I always find it interesting and elightening to consider institutional metrics against those of the institutions where I have been affiliated. Brandeis University reports sponsored programs making up 19.6% of its revenue, whereas at my alma mater, Ithaca College reports just shy of 3%. Boston University provides a nice five-year trend graph in its report, showing sponsored program revenue generally holding steady at 22% of overall revenue:

What can we make of all of this? Well, it does appear that the more of their budget a university president has at stake, the less likely they are to speak up publicly and directly in the face of what is quickly become an unrelenting assault on colleges and universities. Princeton and Wesleyan are just far less reliant on government funds than many other of the most prominent institutions, and so are more able to stand up to this sort of bullying. Eisgruber identified this dynamic at play in his piece in The Atlantic: “If the United States government ever repudiated the principle of academic freedom, it could bully universities by threatening to withdraw funding unless they changed their curricula, research programs, and personnel decisions. That’s what the Trump administration did this month.”
As I often remind people who find themselves bewildered by the dynamics and decisions made by universities and their leaders, it is important to remember that in spite of all of the legitimate concerns about the commodification, commericialization, and corporatization of higher education, universities fundamentally remain medieval institutons characterized by vassalage and patronage. The more the federal government is your patron, the more you are their vassal and they your liege lord, and the more likely your leaders are to bend the knee.

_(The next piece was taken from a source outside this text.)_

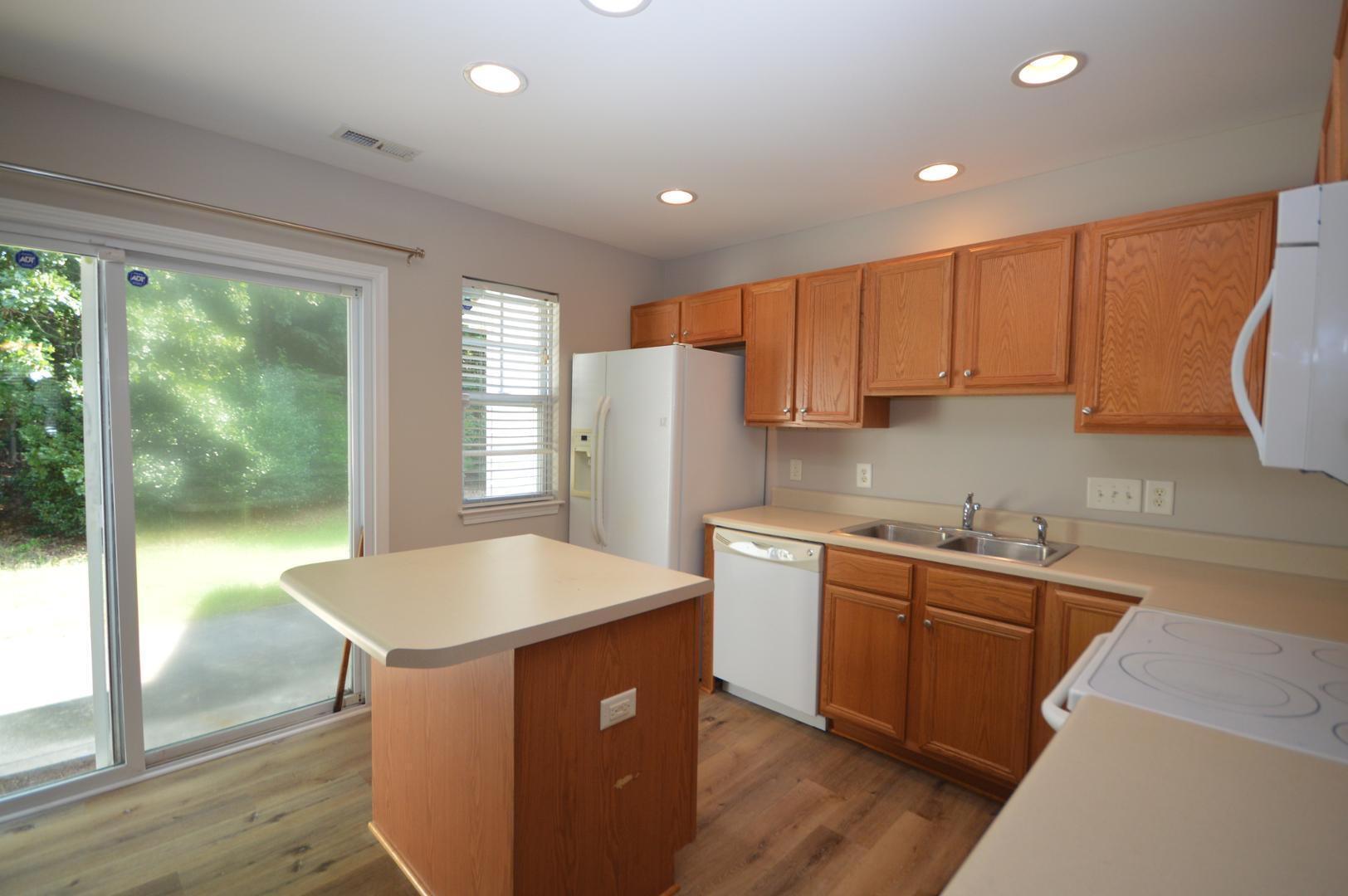 3617 Bison Hill Lane Raleigh, NC 27604 - Photo 8 of 24 Photo #8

I would love to be proven wrong, and I know that many of my friends and collegues at colleges and universities across the country would prefer their presidents take a stronger stand. Given the potential for lasting, irreversable damage not only to the institutions and the people that work in them, but to all of the good that comes out of that work, it is certainly reasonable to question the virtue of a proportional response.

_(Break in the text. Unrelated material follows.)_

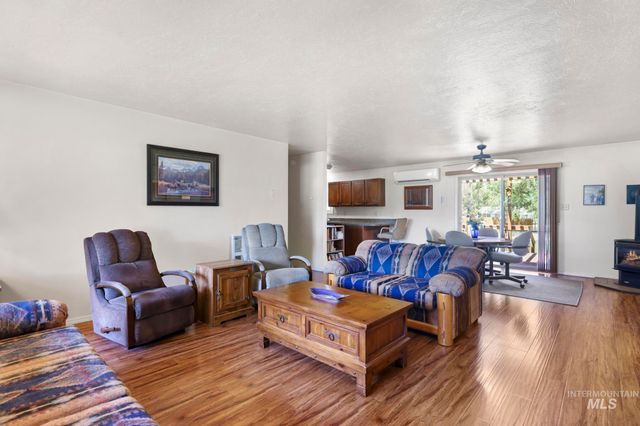 3316 Oregon Trail Drive, Kimberly, ID 83341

But, just as President Bartlett settled for the proportional response in the end, I suspect most university leaders will as well, and that while this will involve some strong language and some degree of resistance, it will also involve a fair bit of caving to the demands being made of them, especially since a number of them seem to agree with the criticisms underlying those demands.

Given the gravity of the assault, it seems to me that most leaders have yet to rise to what might be considered an adequate level of proportionality, Eisgruber and Roth excepted. At the same time, I can sympathize with university leaders who feel stuck between a rock and a hard place: it is unclear their institutions can survive either caving to the demands of the federal government or to forgoing the federal funds on which they have come to rely. I have heard several university presidents echo the line that “nonprofit is a tax status, not a business model,” but the risks associated with building your business model on more and more funding for the federal government are being realized all at once, and they are far worse than many seemed to realize. What models universities may adopt to make themselves viable into the future remain to be imagined, let alone seen.